As described above, according to the present invention, it is possible to provide a system capable of removing the adverse effects of various pathogenic microorganisms by a simple operation. That is, the present invention provides an effective disinfection system for microorganisms contaminating living water without using a chemical.
In addition, there is provided a system for killing Pseudomonas aeruginosa and Legionella bacteria without using a drug. Still another object of the present invention is to provide a nucleic acid detection system for a rapid and highly accurate gene analysis method for the causative bacteria of food poisoning.

[Brief description of the drawings]

FIG. 1 is a manufacturing process diagram of a metal-coated flat membrane used in the present invention.

FIG. 2 is a characteristic diagram showing the results of sterilization of Pseudomonas aeruginosa.

FIG. 3 is a process chart of Example 1.

FIG. 4 is a characteristic diagram showing test results of Legionella bacteria.

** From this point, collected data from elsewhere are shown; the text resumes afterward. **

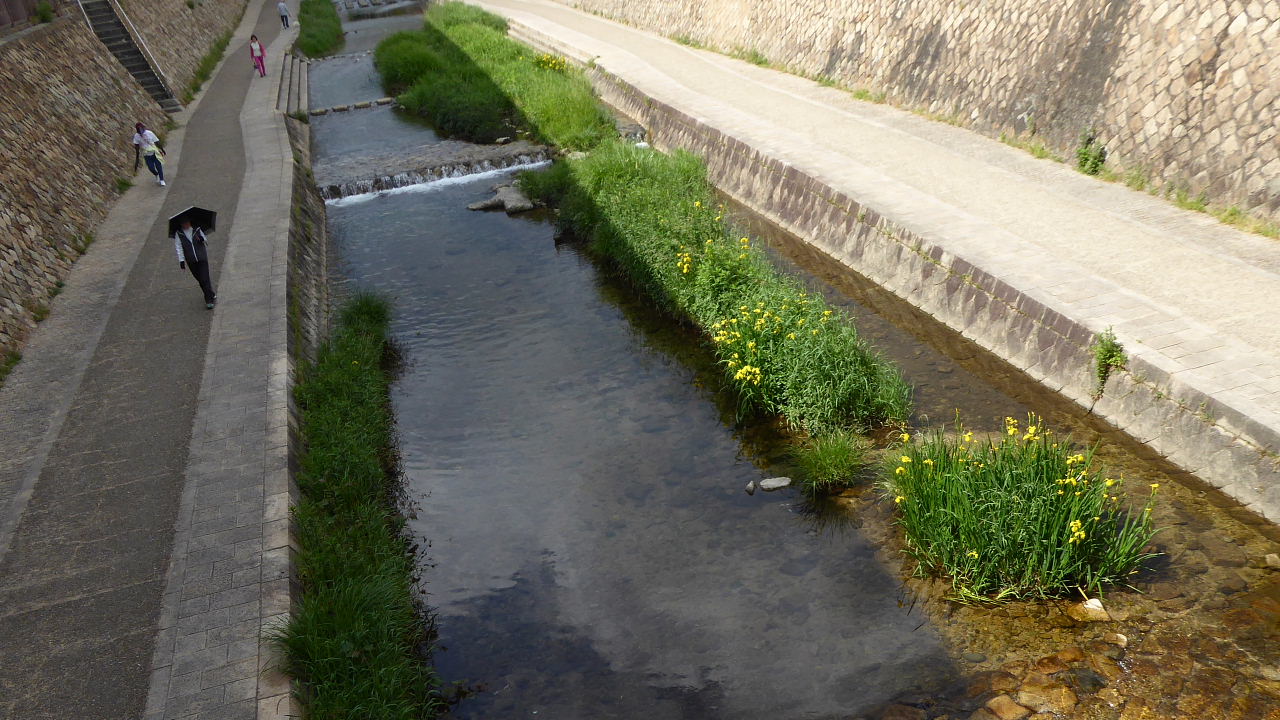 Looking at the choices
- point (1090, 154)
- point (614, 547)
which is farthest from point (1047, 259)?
point (614, 547)

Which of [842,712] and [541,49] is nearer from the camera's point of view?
[842,712]

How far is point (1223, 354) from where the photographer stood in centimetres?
719

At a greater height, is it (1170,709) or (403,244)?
(1170,709)

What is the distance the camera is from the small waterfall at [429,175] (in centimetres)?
1769

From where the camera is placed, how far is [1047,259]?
9234mm

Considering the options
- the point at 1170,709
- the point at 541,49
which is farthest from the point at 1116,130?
the point at 541,49

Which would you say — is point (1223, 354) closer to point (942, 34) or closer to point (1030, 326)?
point (1030, 326)

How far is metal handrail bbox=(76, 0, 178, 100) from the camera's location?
22.5 meters

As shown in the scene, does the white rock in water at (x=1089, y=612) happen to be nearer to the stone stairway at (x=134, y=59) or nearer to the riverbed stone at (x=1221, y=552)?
the riverbed stone at (x=1221, y=552)

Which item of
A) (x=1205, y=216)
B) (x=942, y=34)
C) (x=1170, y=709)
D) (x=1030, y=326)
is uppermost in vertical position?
(x=942, y=34)

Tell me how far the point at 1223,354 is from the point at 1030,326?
1.66 m

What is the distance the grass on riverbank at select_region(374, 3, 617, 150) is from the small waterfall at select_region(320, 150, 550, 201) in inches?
29.8

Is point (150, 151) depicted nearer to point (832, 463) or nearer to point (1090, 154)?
point (832, 463)

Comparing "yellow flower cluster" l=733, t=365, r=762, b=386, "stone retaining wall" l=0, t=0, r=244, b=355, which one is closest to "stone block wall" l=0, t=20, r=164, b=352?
"stone retaining wall" l=0, t=0, r=244, b=355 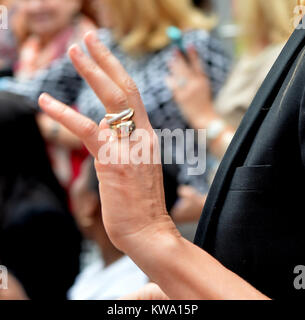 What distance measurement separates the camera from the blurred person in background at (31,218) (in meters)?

FIG. 5 is a characteristic diagram of an electrophoresis pattern based on the results of a gene recovery test from pathogenic Escherichia coli.

FIG. 6 is a process chart for comparing required times required for the chemical extraction method of the gene and the extraction method by the system of the present invention.

 ──────────────────────────────────────────────────続 き Continued on the front page (72) Inventor Nobuo Katsuura 2-323 Nishihashimoto, Sagamihara City, Kanagawa Prefecture Inside the R & D Center (Nikko Industries Co., Ltd.) (72) Osamu Igarashi 2-23, Nishihashimoto, Sagamihara City, Kanagawa Prefecture No. 3 in the R & D center of Nippon Kogyo Co., Ltd. (72) Inventor Atsushi Nakayama 2-3-3 Nishihashimoto, Sagamihara-shi, Kanagawa Pref.

Claims (11)

[Claims] 1. An electric power supply having a metal film coated on a porous film, a power supply for the electric power supply, and a supply means for supplying microorganisms to the electric power supply. A system for disinfecting microorganisms by supplying electricity to the microorganisms from the power supply using the current supply means as an electrode. 2. The method according to claim 1, wherein the microorganism is Cryptosporidium,
The system according to claim 1, wherein the system is at least one of Pseudomonas aeruginosa, Legionella, and pathogenic Escherichia coli. 3. An electricity supply means having a metal film coated on a porous film, a power supply for the electricity supply means, and a supply means for supplying microorganisms to the electricity supply means, wherein the microorganisms are Pseudomonas aeruginosa, Legionella A system for sterilizing microorganisms by supplying electricity to the microorganisms from the power source using the current supply means as an electrode, wherein the microorganisms are at least one kind of bacteria or pathogenic Escherichia coli. 4. The system according to claim 1, wherein said energizing means applies a direct current to said microorganism. 5. The system according to claim 1, wherein the energizing means is means for capturing the microorganism on a porous membrane and energizing the porous membrane. 6. The system according to claim 1, wherein the metal is chemically bonded to a porous resin forming the porous membrane. 7. An electricity supply means having a metal film coated on a porous film, a power supply for the electricity supply means, and a supply means for supplying pathogenic Escherichia coli to the electricity supply means, wherein the electricity supply means is used as an electrode. A gene recovery system, wherein a gene is selectively extracted from microbial contents caused by the destruction of the E. coli cells by energizing the microorganism from a power supply. 8. A porous membrane coated with a metal,
Apply microorganisms that are a source of pollution to domestic water,
A method for disinfecting the microorganisms by energizing the metal film from a power supply. 9. The method according to claim 8, wherein the microorganism is Cryptosporidium,
The method according to claim 8, which is at least one of Pseudomonas aeruginosa, Legionella, and pathogenic Escherichia coli. 10. The system according to claim 7, wherein said porous film is a porous resin film. 11. The method according to claim 8, wherein said porous film is a porous resin film.